Douche. You think it’s funny to watch people twice your age crawl around in wigs and ill-fitting poly-blend, picking up tiny plastic bits they can’t even see in the roller rink darkness? One of us has already split his pants. When I get up off this floor I’m gonna kick your ass.

I had a Slurpee for the first time since my senior year of high school, and Sister 2 had a Ring Pop, which she licked blissfully while batting her fake eyelashes and swishing by in her satiny shorts and sparkly stockings. And when two hours were up, we took a group photo on the rink, rolled off the floor and reclaimed our grown-up shoes. Plans were made for doses of ibuprofen before bed. We all headed back to Sister & BIL 2’s house for a cookout. I’m sure the neighbors didn’t wonder at all why the cast of “Welcome Back, Kotter” had appeared in the yard. When I got back in the car for the road trip home, I rubbed off the blue-green eyeshadow. Getting out of the car in front of my building, I had hints of the soreness to come.

I can’t say for sure, since we had a blast, but at this point it’s probably wise to hang up my roller skates for good.

Buh-bye now. (image from gigharborb365.wordpress.com)

Kind of a bummer, man.

20 thoughts on “All Skate! Now Reverse!

  1. I almost spit my yogurt onto my computer screen. Instead it just came out my nose. Thanks. Thanks a lot. Seriously. 😉

    You just made me relive far too many moments in my youth…

  2. This party sounds hysterical! But all that quality on-the-floor time was a little easier to take in 7th grade, wasn’t it?

    Last time I went skating was chaperoning my daughter’s girl scout troop. After about 10 minutes of pathetic, I was picking up the flow, feeling more confident. I was all “I remember how to do this. This is easy. This is nothing! This is..” Then I was looking at the ceiling, my butt and head having magically made contact with the floor. I was too old for the Ouch-O-Rama that followed.

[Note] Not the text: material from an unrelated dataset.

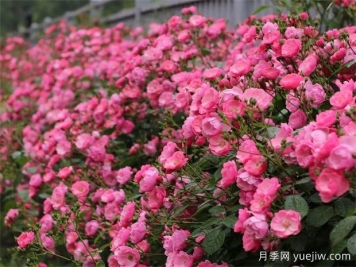 金華職院月季花墻，校園美麗多彩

    • I wasn’t on the floor that much in 7th grade. Seems unfair that the harder it is to take, the more often it happens. I had to make sure not to get over-confident. That’s a recipe for disaster.

  3. this sounds like so much fun! I love to skate – or rather, I loved to skate. I don’t know how well I would do now. I tried the in-line skating thing and just could NOT get the hang of it at all.

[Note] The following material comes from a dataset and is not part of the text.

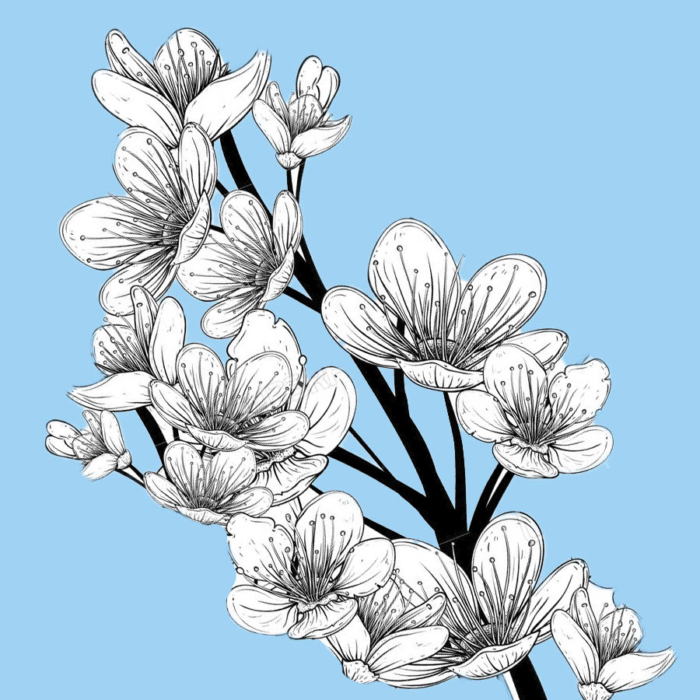 Lindos desenhos de flores - 200 imagens para esboçar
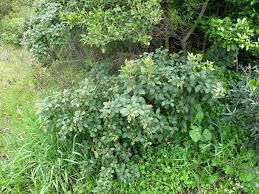 Image result for Searsia tomentosa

    But the whole night sounds great: theme, family, friends, and fall on your ass fun!

  4. I really love reading you … you are a continual surprise and funny as hell. I don’t think there’s another blogger on the planet that could have pulled off your description of going to the ladies room so hilariously. Most wouldn’t try. What an amazing idea for a party …. your family is so far from mine that your stories sound almost like fiction. Now, you know that for $59 a year, you can add VideoPress to your blog, then you can upload videos, like I did with Savy Tells a Story. You could then post the video ! Yeah, right.

    Your post did bring back a fond memory from my daughter’s senior year in high school. She was on the dance team and one of their routines was on pink roller skates. They had curly red wigs and pink sequined dresses and the routine brought down the house wherever they did it. If I can find the picture, it might make it to a Friday Favorite.

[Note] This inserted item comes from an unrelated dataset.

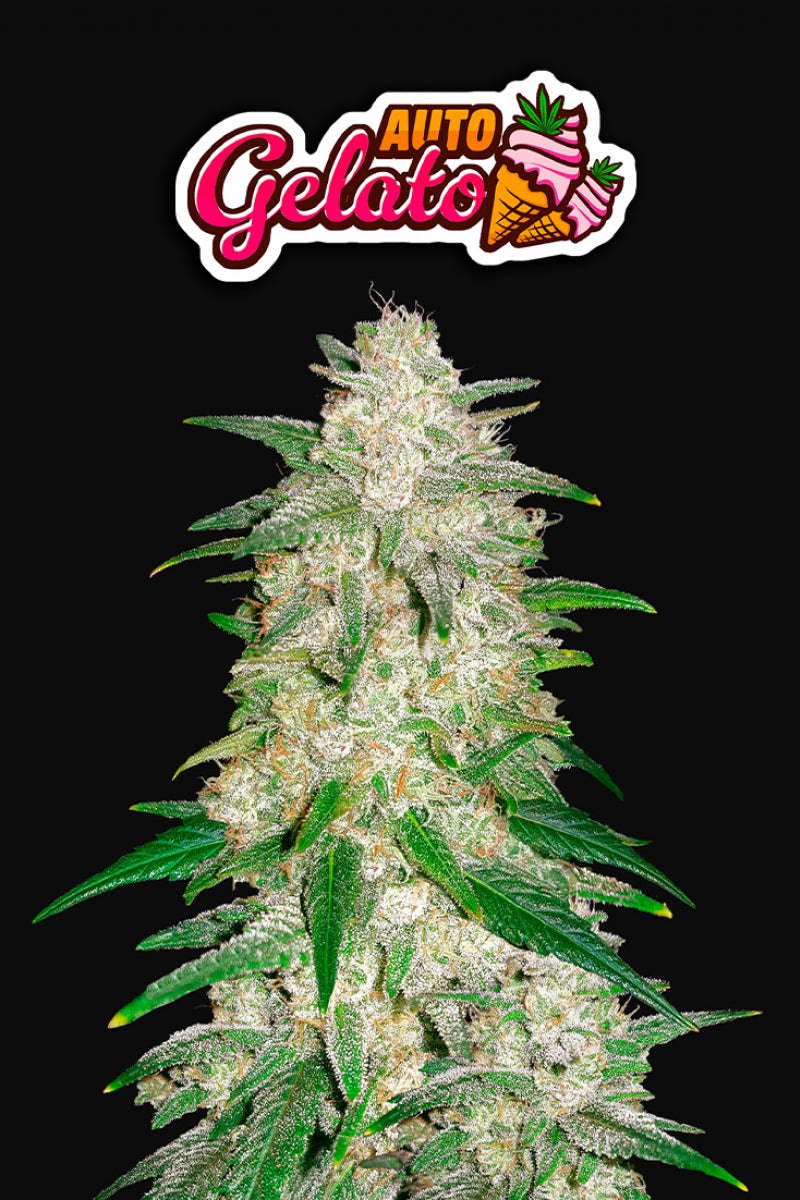 fastbuds-gelato-auto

    • Um… there will never be videos of me or my peeps on this here blog. I think you know that. 🙂
      Thanks for loving the reads and for being amused by them. I mean the bathroom ordeal was begging to be written, don’t you think? How can you have that experience and NOT write about it?
      Hope to see Amy’s funky skate routine some Friday!

  5. Hilarious! Your post just prompted me to search for skating rinks in the DC area. Sounds like a disaster waiting to happen, so I feel compelled to organize a party and film it. My friends thank you in advance for the inspiration.

    • Oh lawd. I will not be held responsible for this in the event of accidental death or dismemberment, fyi. Oh, ps: if you’re not familiar, look up “biceps femoralis.” You’ll need to know what it is after you skate, because it will hurt like a mofo and you will not remember ever having realized it existed.